This is not just an institutional gap. It is a constitutional contradiction.

The Judiciary is not above the Constitution. It is created by it, funded by it, and exists to serve its purposes. Judicial independence was never intended to mean judicial perfection, and certainly not judicial immunity. Obadwa aliyense amalakwitsa -- everyone makes mistakes. Judges are human beings operating within a human system.

To insist that judges should never be externally questioned is to confuse independence with infallibility. Independence protects courts from political pressure; it does not place them beyond public accountability.

No other arm of government enjoys such unchecked authority. Police officers are investigated. Civil servants are disciplined. Ministers are audited. Even the President can be impeached. Yet judges, whose decisions can destroy livelihoods, families, freedoms and reputations, operate in a system where complaints are largely internal, opaque, and inaccessible to ordinary citizens.

This imbalance is not sustainable in a constitutional democracy.

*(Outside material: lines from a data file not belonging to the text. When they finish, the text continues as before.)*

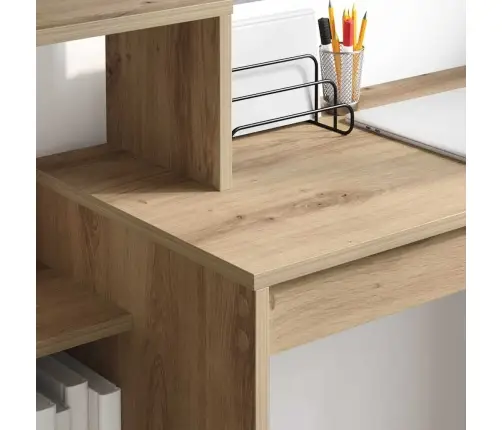 Datorgalds Amatnieku Ozols Inženierijas Koks Standarta Vidaxl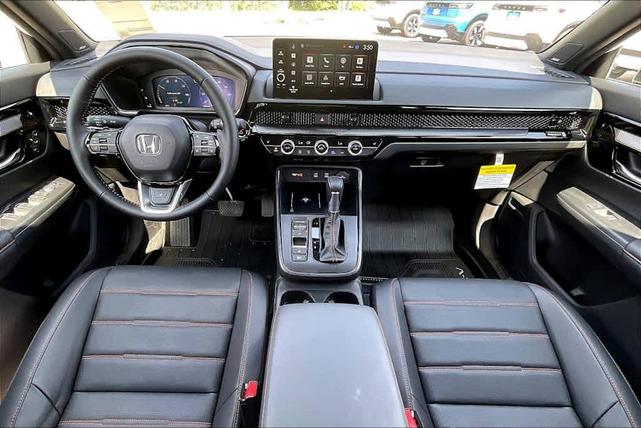 Photo of 2026 White Honda CR-V Hybrid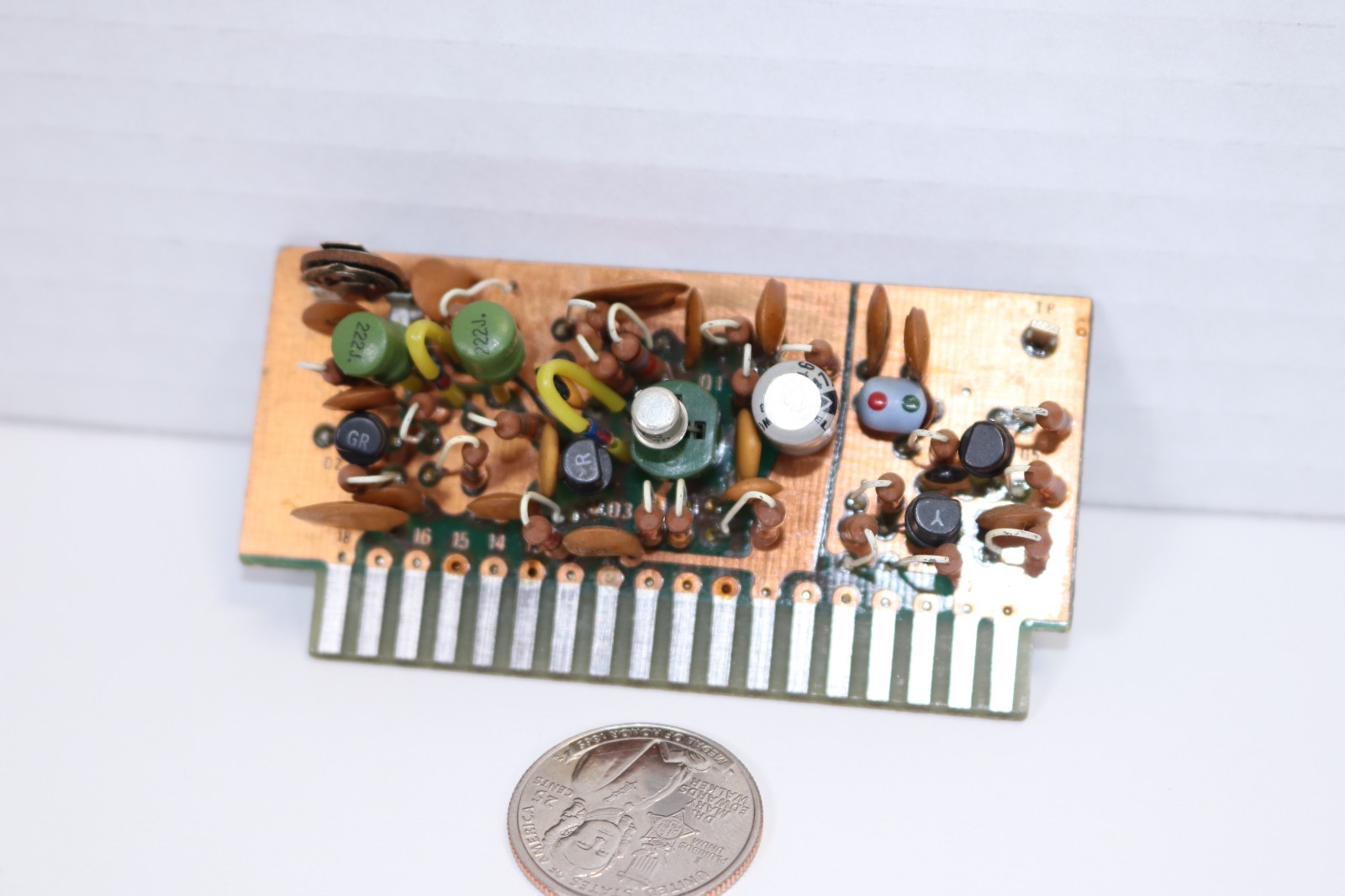 YAESU - FT-101E - HIGH FREQUENCY RF AMPLIFIER UNIT - PB-1181B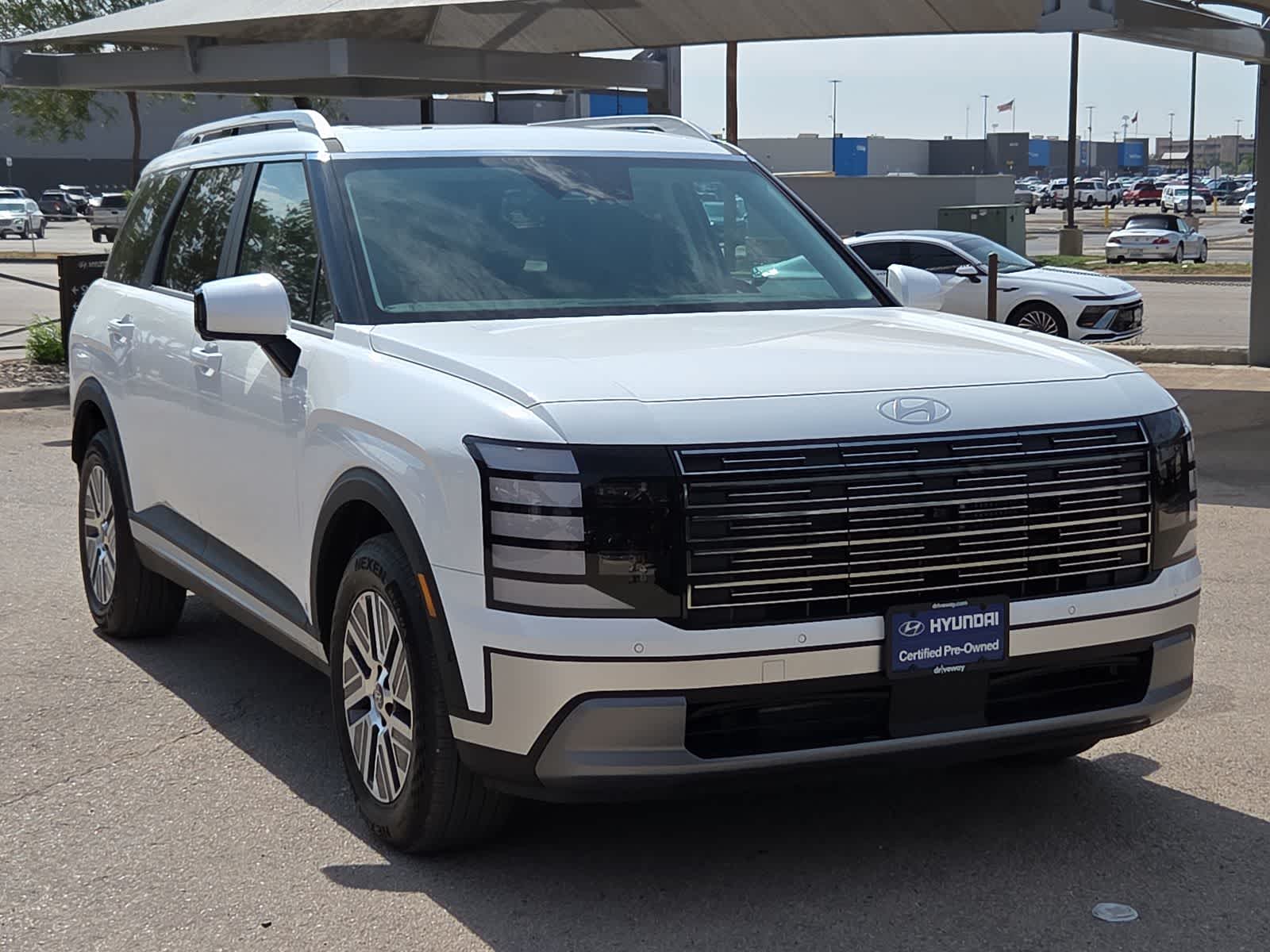 new 2026 Hyundai Palisade Hybrid car, priced at $52,645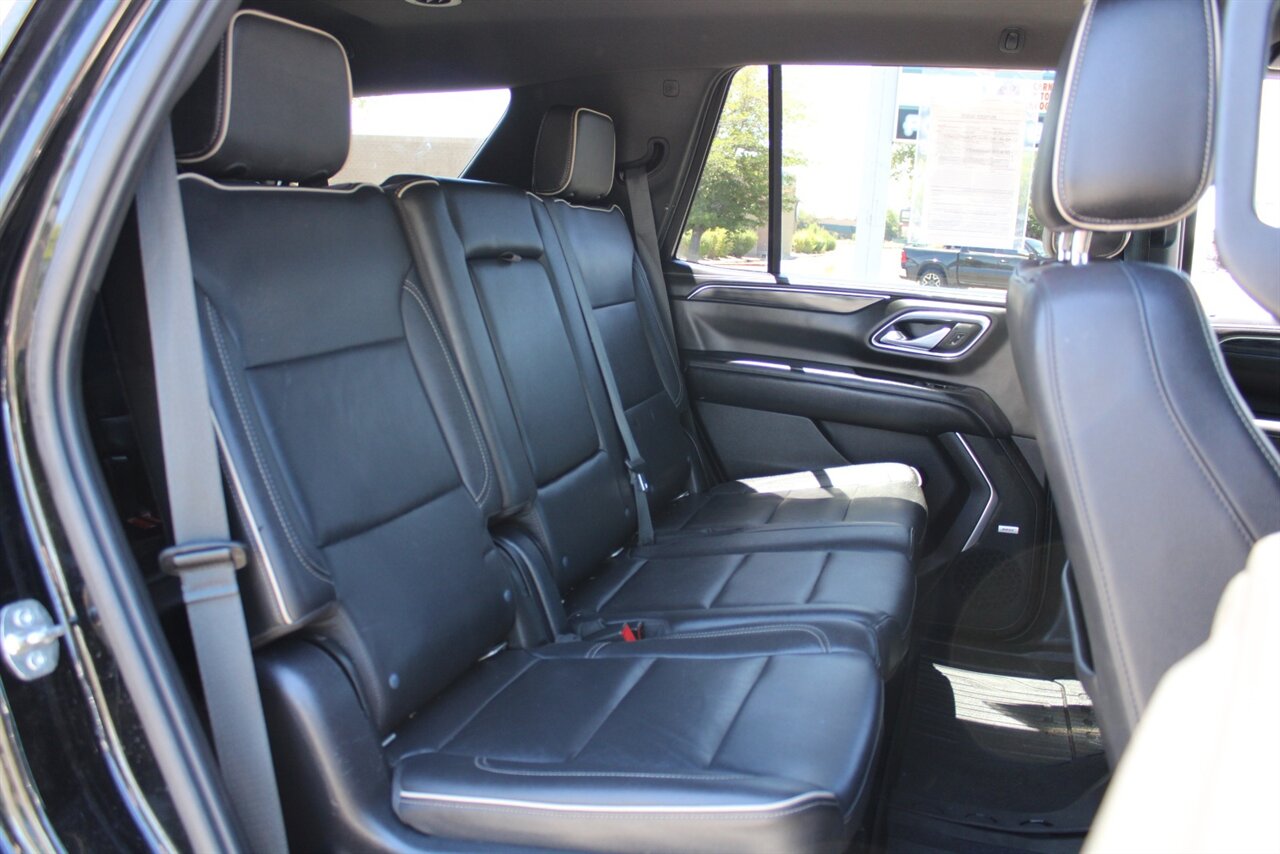 2021 GMC Yukon SLT - Photo 25 - Reno, NV 89511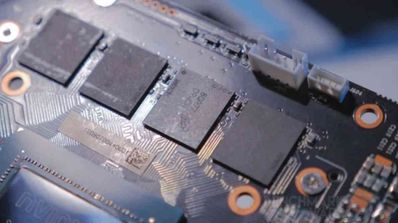 Capacidad Bus VRAM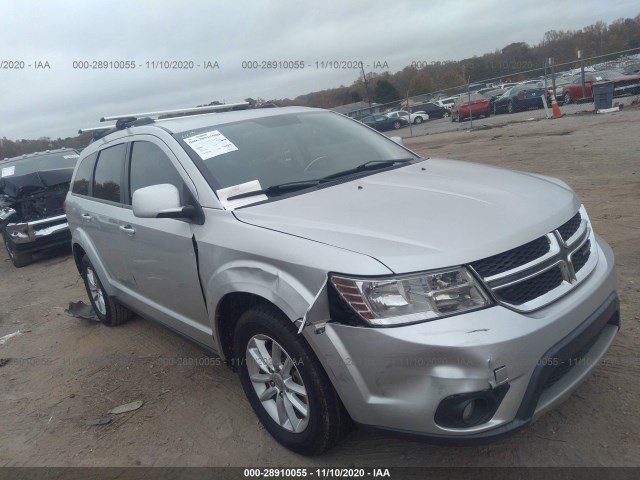 DODGE JOURNEY 2014 3c4pdcbg3et126975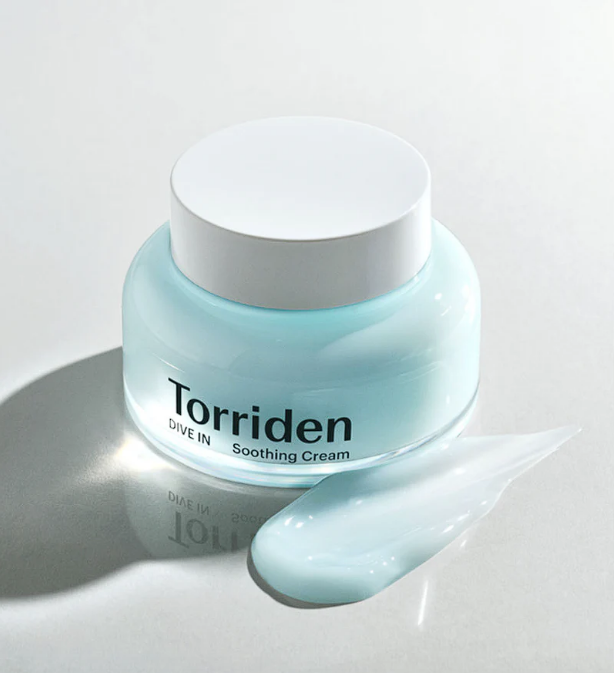Torriden Dive-In Low Molecular Hyaluronic Acid Soothing Cream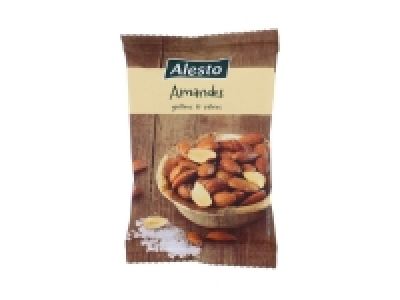 Amandes grillées et salées 1.40 €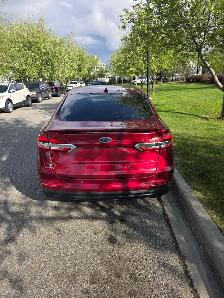2019 Ford Fusion Titanium - Photo 7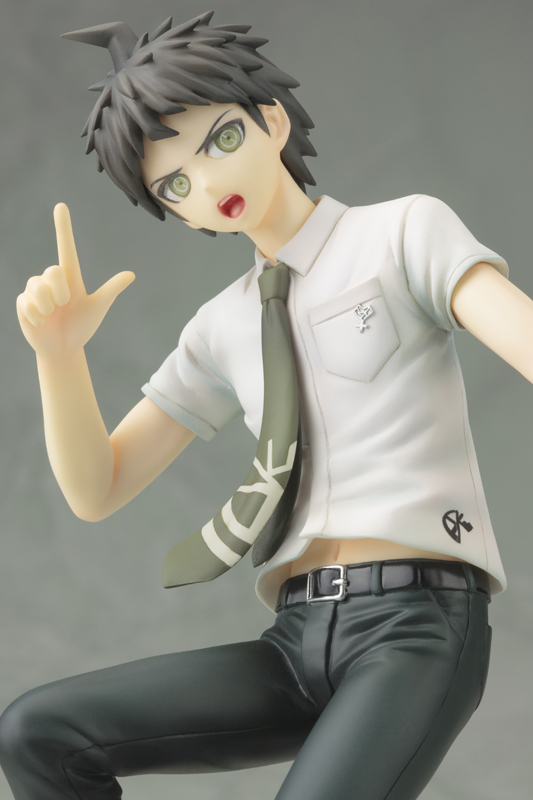 Super Danganronpa 2: Sayonara Zetsubou Gakuen - Hinata Hajime - ARTFX J - 1/8 (Kotobukiya) photo 16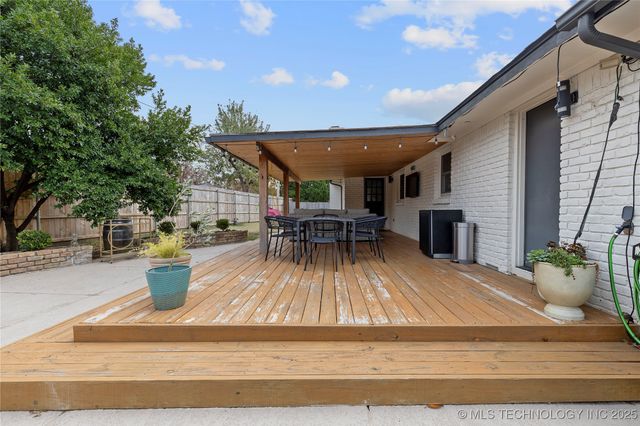 3701 S Canton Avenue, Tulsa, OK 74135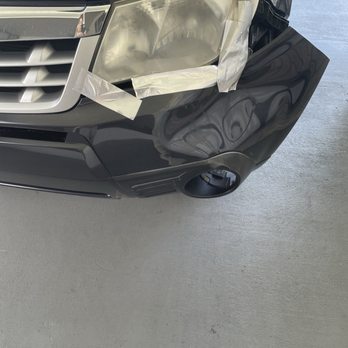 CarBodyLab - Before and last picture was completed work - Windshield Installation & Repair Near Me - Miami Beach, Florida CarBodyLab - Before and last picture was completed work - Windshield Installation & Repair Near Me - Miami Beach, Florida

What Malawi urgently needs is a strong, independent Legal or Judicial Council with real powers to review judicial conduct, investigate credible complaints, and scrutinise manifestly unjust or controversial rulings -- without interfering with judicial independence or reopening cases on political grounds.

Such a body would not weaken the courts. It would strengthen them.

Accountability and independence are not enemies; they are constitutional partners. One gives authority legitimacy. The other gives it discipline. Without both, the rule of law becomes either tyranny or theatre.

The silence surrounding judicial accountability is deeply troubling. As a nation, we are bold when questioning the police. We challenge doctors. We criticise teachers. We audit politicians. But when it comes to judges, we retreat into fear, reverence and legal mysticism.

This culture of untouchability is dangerous.

A Judiciary that cannot be questioned risks losing the very public trust on which its power depends. Courts do not command armies. They command belief. And belief is sustained not by secrecy, but by transparency and accountability.

Judicial oversight is not an attack on the courts. It is an investment in their legitimacy. A system that allows no correction invites decay. A system that welcomes scrutiny invites credibility.

If Malawi is serious about constitutionalism, then no institution -- not even the Judiciary -- should be beyond the reach of principled, lawful, and independent oversight.

Because in a democracy, even those who interpret the law must remain subject to it.